Further, locality of reference will have a much, much bigger influence on spinning disk I/O throughput than location at the front of the disk. The difference between the outer rim and inner rim might be 120MB/s to 70MB/s, so reading a contiguous 200MB file will take 1.7x as long if it's stored at the inner rim (286ms vs 167ms). However, if that 200MB file is stored in 100 2MB fragments, and seeking to each fragment takes 4ms, your reading time will be dominated by the seek time due to fragmentation (686ms vs 567ms, or a mere 1.2x difference).

Based on my experience I'm inclined to accept fuzzbang's description of block allocation strategies. It used to be common wisdom that you could defragment a volume by copying all the data off, formatting it, then copying the data back on. I did this once with an NTFS volume (using ntfs-3g), then checked the resulting data in the Windows disk defragmenter. The data was primarily located around the center of the volume, with numerous gaps. Filesystems leave gaps to allow room for files to expand.

B) You have just named three uncommon filesystems that few people will ever use in the first place, much less with TrueCrypt.

"Commonness" for the purposes of forensics is a much lower bar than for market analysis. I'd also wager that, servers included, there are at least as many ext2/ext3/ext4 volumes on the planet as NTFS volumes.

1 comments

> If you haven't actually looked at the block allocation patterns of common filesystems

I have.

> you can't say conclusively that fuzzbang is incorrect

And I can.

I'm aware of the degree of difference in speed. It is sufficient that it is standard practice for filesystems to be restricted to the first 1/4-1/2 of a spinning disk in performance-sensitive applications. Or at least it was, in the last few years we've become more likely to just use SSDs or keep everything in RAM.

> if that 200MB file is stored in 100 2MB fragments

Thank you for assuming I don't even have the knowledge of a typical computer user, it greatly increases the likelihood I'll not waste further time with you. Raises it, in fact, to 100%.

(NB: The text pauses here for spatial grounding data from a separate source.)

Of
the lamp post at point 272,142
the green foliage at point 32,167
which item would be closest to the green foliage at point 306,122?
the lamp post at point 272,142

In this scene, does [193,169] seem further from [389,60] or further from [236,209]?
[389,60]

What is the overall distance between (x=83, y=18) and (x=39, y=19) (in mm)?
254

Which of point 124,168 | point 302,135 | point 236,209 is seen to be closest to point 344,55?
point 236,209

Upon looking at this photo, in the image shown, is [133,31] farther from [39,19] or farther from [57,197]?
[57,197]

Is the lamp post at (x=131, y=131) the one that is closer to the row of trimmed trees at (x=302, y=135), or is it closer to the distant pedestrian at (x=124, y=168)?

> If you haven't actually looked at the block allocation patterns of common filesystems

I have.

And? What distribution of block allocation did you observe on said filesystems? Does it contradict the original supposition that filesystems spread out allocations to prevent fragmentation, thus possibly overwriting hidden data at the end of a partition?

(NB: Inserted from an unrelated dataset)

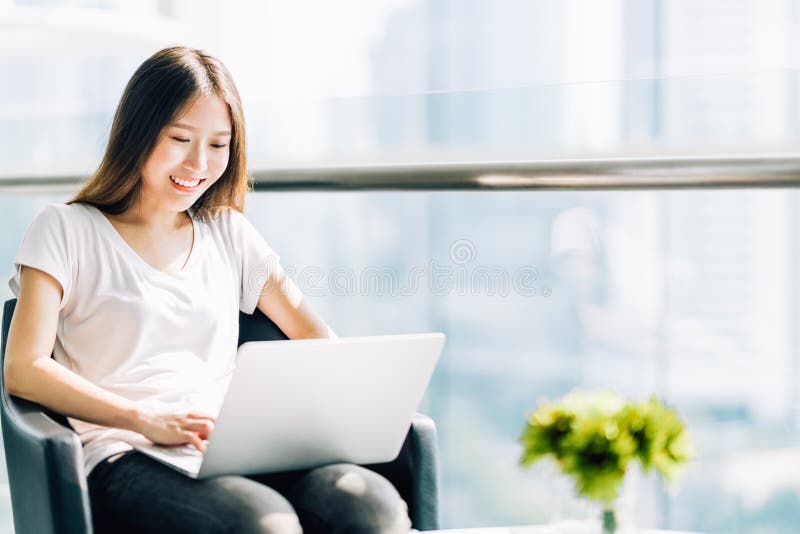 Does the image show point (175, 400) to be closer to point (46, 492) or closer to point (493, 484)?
point (46, 492)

It is sufficient that it is standard practice for filesystems to be restricted to the first 1/4-1/2 of a spinning disk in performance-sensitive applications.

This has as much to do with seek times as sequential reading speed. A drive with 8ms average seek times might average 2ms if you only make the heads travel 25% of the width of the platter.

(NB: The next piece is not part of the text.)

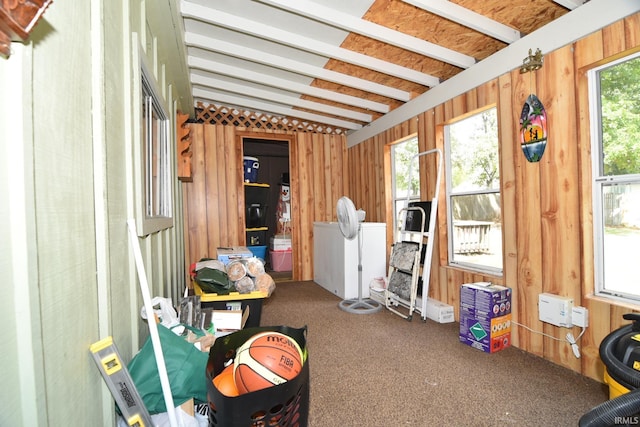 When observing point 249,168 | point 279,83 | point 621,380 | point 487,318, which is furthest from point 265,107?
point 621,380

The fact that you have to restrict the filesystem to the beginning of the disk suggests that filesystems don't do this automatically.

Thank you for assuming I don't even have the knowledge of a typical computer user, it greatly increases the likelihood I'll not waste further time with you. Raises it, in fact, to 100%.

I'm not sure how you got that impression. I was just providing numbers to complete the example. There's no need to become defensive; and if you find that you might be wrong, saying, "That's a fair point, I'll have to do some more research," goes a lot further than continuing to beat a dead horse.

Maybe it's the fact that this thread is on an article related to law, politics, and morality that is causing needless argumentation.